Jaggard: Operational focus
Taylor Rose has become the first law firm with more than 1,000 consultants on its books as its chief executive says there is still plenty of room to grow its hybrid model.
The national law firm is unique for a practice of its size in having both employed lawyers and consultants.
At the end of 2025, AIIC – the group of which Taylor Rose is part – had 1,485 consultants in all, including 1,009 fee‑earners.
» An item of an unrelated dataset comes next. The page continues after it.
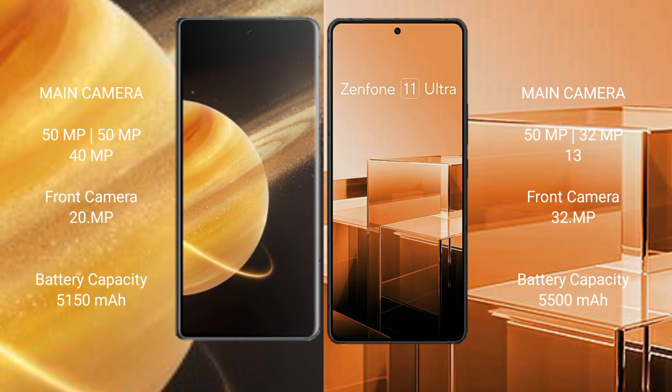Honor Magic V3 has a 5150mAh battery with 66W fast charging support. Asus Zenfone 11 Ultra has a 5500mAh battery with 65W fast charging support.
The remainder are support staff employed by those consultants.
Around 80 of the consultants work in Kingsley Wood, a standalone corporate-focused fee-share practice, and 35 in FDR Law, a specialist property law firm for self-employed consultants launched in August 2024 [1].
Taylor Rose’s employed staff number around 600.
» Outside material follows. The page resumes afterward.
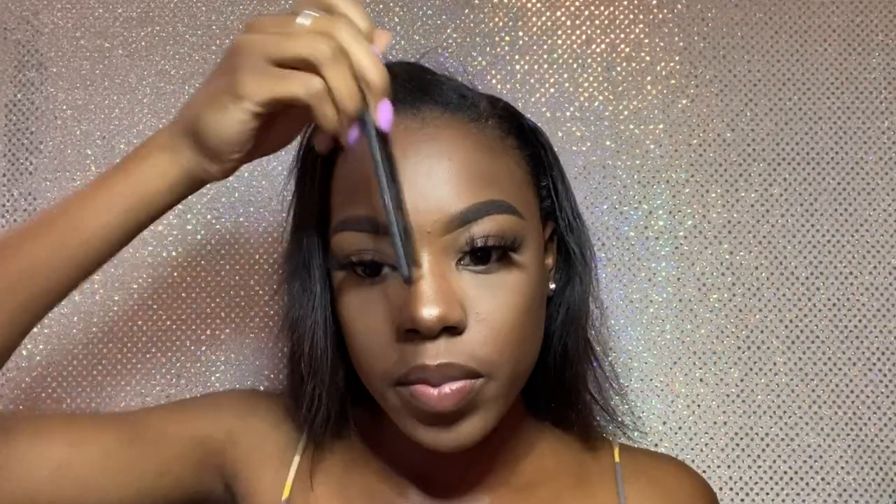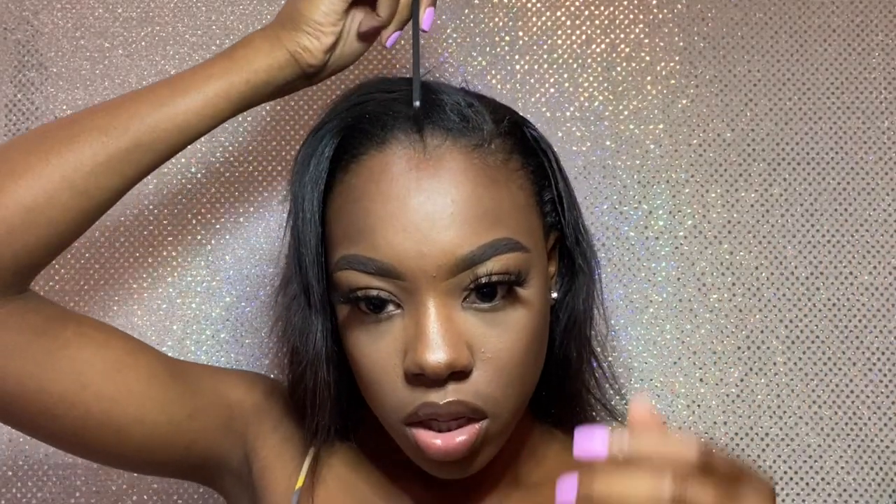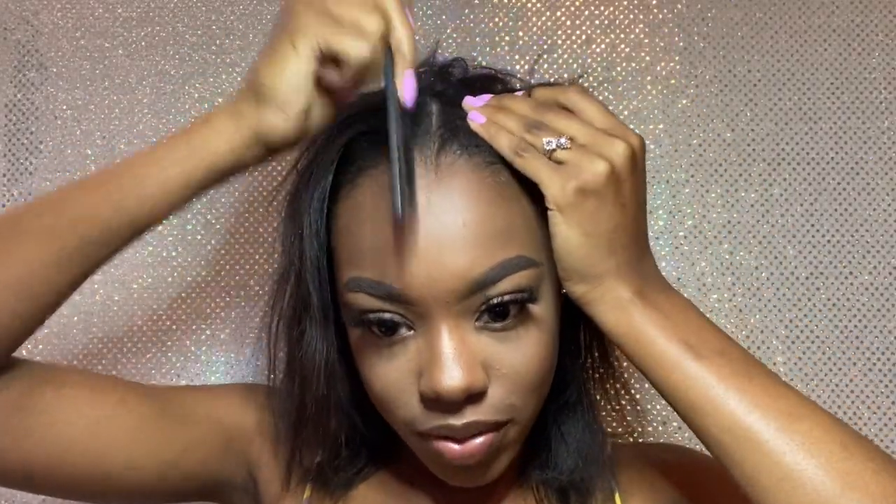Y'all, excuse my hair. Anyways, let's get into it. I'm gonna start by parting my hair all the way back with my rat tail comb. I'm gonna be doing a middle part with these and I am going to go ahead and put the ponytail holders in on the ends and make those cute little ponytails.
Chief executive Adrian Jaggard said that while he was committed to the hybrid model, the only way the employed side could keep up with the growth of the consultancy arm was through mergers and acquisitions – which have featured heavily in the history of Taylor Rose and to which he hinted the firm could return later this year.
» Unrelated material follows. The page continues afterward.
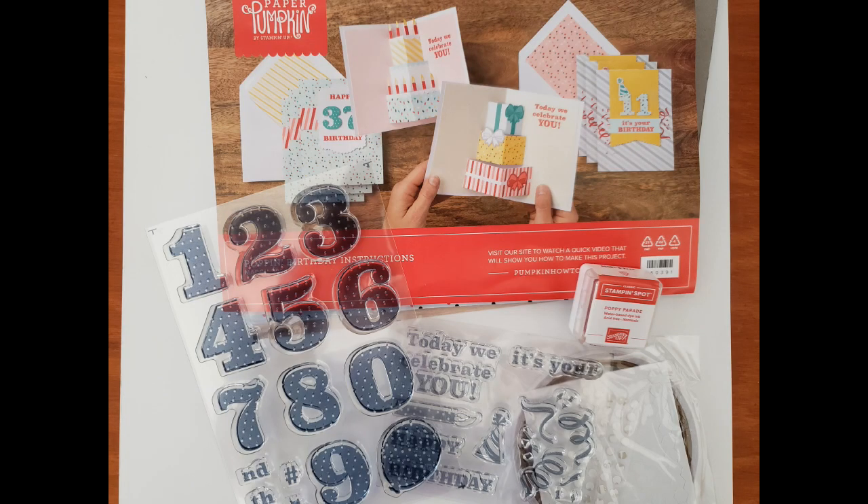The next one is Poppin' Birthday, and it's a fun set — I had a hard time deciding whether or not to put this one up for sale. It has pop-up card bases so when you open the card, things inside pop out at you. I really love all those number stamps — they're a nice, good size, about an inch and an eighth tall. The polka dots are great too, and the balloon stamp, all of which you can use for so many things.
He attributed much of the 25% increase in turnover for the last financial year, along with 60% in EBITDA, to increasing the number of consultants as well as improving revenue per lawyer.
He would not give the actual figures ahead of publication of AIIC’s accounts soon, but in the year to 30 September 2024, the group recorded a turnover of £97m and EBITDA of £7.8m, with net profit of £3.5m.
Mr Jaggard said that despite the huge growth of consultant-led firms in recent years, they were “nowhere near the ceiling”, given there were 170,000 practising solicitors. Between the four biggest – Taylor Rose, Setfords, Keystone and gunnercooke – there were no more than 3-4,000 consultants, he pointed out.
At the same time, he acknowledged the concern that consultant firms cream off experienced lawyers from traditional practices – but also rely on those same firms to train up the next generation.
“It’s not going to be a problem for a long time to come because it’s [still] a tiny proportion of the profession.”
He added that the employed arm of Taylor Rose has trainee solicitors and solicitor apprentices.
Taylor Rose has previously investigated a stock market listing and Mr Jaggard said he now received approaches from private equity houses every month.
“We are privately held – we’ve got a very narrow group of shareholders – and I think at some point we would need to recognise that those changes [in the market] around us are putting a lot of pressure on us. And whether it’s PE or IPO, that could be an option for us, for sure, at some point.”
He explained that a key reason Taylor Rose has not been on the acquisition trail itself of late was because of a focus on operations.
It has “rationalised” its offices – from 40 to 20 – and practice areas [2], and is in the process of moving the whole firm onto Salesforce, partnered with NetDocs and Office365 – by September, he said, “we will be entirely cloud-based. So we will not have one single server. We’re closing down 300 servers at the moment”.
Taylor Rose’s IT budget this year is just over £16m and its use of artificial intelligence (AI) has so far also been limited to operational matters, such as financial transactions being reconciled and allocated and all post scanned and then “auto-allocated” to matters.
Mr Jaggard highlighted too how the firm used Slack as an interface layer and that taps into Salesforce, OneDrive, the company handbook and various other sources. It allows him simply to say into his phone ‘How many quotes have we given today?’, ‘Can you wear Crocs in the office?’ or ‘How do I deal with a politically exposed person’, and it gives him the answer.
The next step with AI will be using it to augment legal services – Mr Jaggard predicted that “this will be the highest impact area” – and the management is going through a selection process with leading suppliers at the moment.
The third use, in time, will be communication via AI agents, meaning that consultant lawyers who need IT support engage with an AI agent instead of a member of the help desk. “I think also the time will come when society accepts or expects that you can speak to an AI agent for call routing, switchboards, that sort of thing.
“We’ve got all that parked at the moment, and I know others are going down that road already, but I do think the day will come near where it won’t be frowned upon and it won’t be a challenge for customers or seen as a problem. It will be part of our operational ecosystem.”